Policyholders should not be deceived by any of this. The FCA provides for two forms of relief – treble damages and civil penalties – with the former making up the lion’s share of a defendant’s liability exposure under the statute. Courts interpreting the FCA have been clear that it is not a restitution or disgorgement statute. Following a detailed analysis of the history and text of the FCA, the Southern District of New York concluded that the statute “expressly provides for civil penalties and damages alone – and not for restitution.” United States ex rel. Taylor v. Gabelli (S.D.N.Y. Nov. 3, 2005) 2005 U.S. Dist. LEXIS 26821, *40. Nor does the FCA provide for disgorgement of profits, another restitutionary remedy aimed at depriving a defendant of unjust enrichment. (Id. at *49.) Rather, courts have characterized the treble damages available under the FCA as compensatory in nature, which would place such relief squarely within the D&O definition of “loss.”

How insurance companies view the FCA

Even though the FCA is not a restitution or disgorgement statute, insurance companies may still insist that a portion of the policyholder’s exposure in an FCA claim is still not covered. Many D&O policies expressly exclude coverage of punitive damages, while many states prohibit insuring punitive damages even where the policy purports to cover them.

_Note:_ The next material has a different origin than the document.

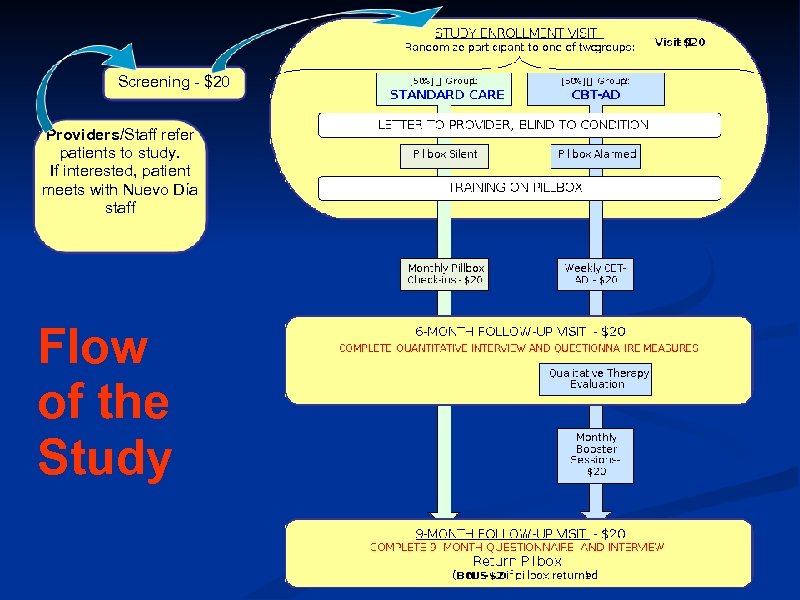 Screening - $20 Providers/Staff refer patients to study. If interested, patient meets with Nuevo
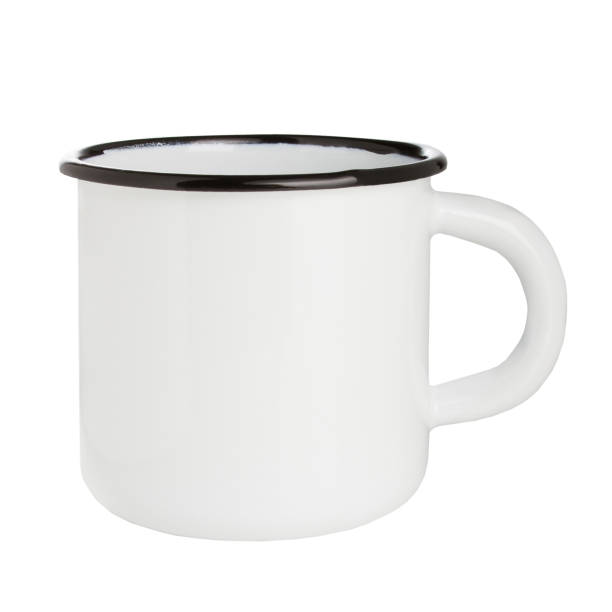 taza de esmalte blanco aislado sobre fondo blanco - enamel fotografías e imágenes de stock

Some courts have suggested that the portion of treble damages under the FCA beyond actual damages is punitive in nature. See United States v. Bickel (C.D. Ill. Feb. 22, 2006) 2006 U.S. Dist. LEXIS 29665, *7. Some policies go a step further and exclude from coverage “the multiplied portion of multiple damages,” which could exclude coverage of those damages regardless of whether they are deemed punitive under applicable law. Finally, many D&O policies expressly exclude “civil fines and penalties,” potentially defeating coverage of the FCA’s civil penalties, which usually make up a relatively small portion of the policyholder’s exposure. If any of these limitations on coverage applies, the insurer may point to the policy’s allocation provision in an effort to reduce the amount of defense costs and settlement funds it must pay.

Many D&O policies contain a provision under which a settlement is allocated between covered and non-covered portions based on the “relative legal exposure” of the covered and non-covered claims. Under this method, the portion of the settlement allocated to non-covered loss is determined by how much consideration of that liability exposure motivated settlement. Normally, this method is notoriously imprecise and heavily fact-based, and insurance companies sometimes use the specter of litigating allocation as a bludgeon for obtaining a discount on what they contribute to a settlement or defense costs. Policyholders are spared the brunt of this problem for FCA claims, because the FCA is relatively clear about how damages and civil penalties are assessed. Nonetheless, both policy language and public policy will determine to what extent the insurance company can allocate an FCA settlement to non-insured loss.

Policyholders need not accept assertions by insurance companies that their D&O policies simply do not cover settlements of FCA claims. In highly regulated industries where companies routinely do business with the federal government, FCA liability based on some internal mistake or rogue employee can be a cost of doing business, and D&O carriers selling policies in this space should anticipate legitimate claims for coverage arising from this exposure.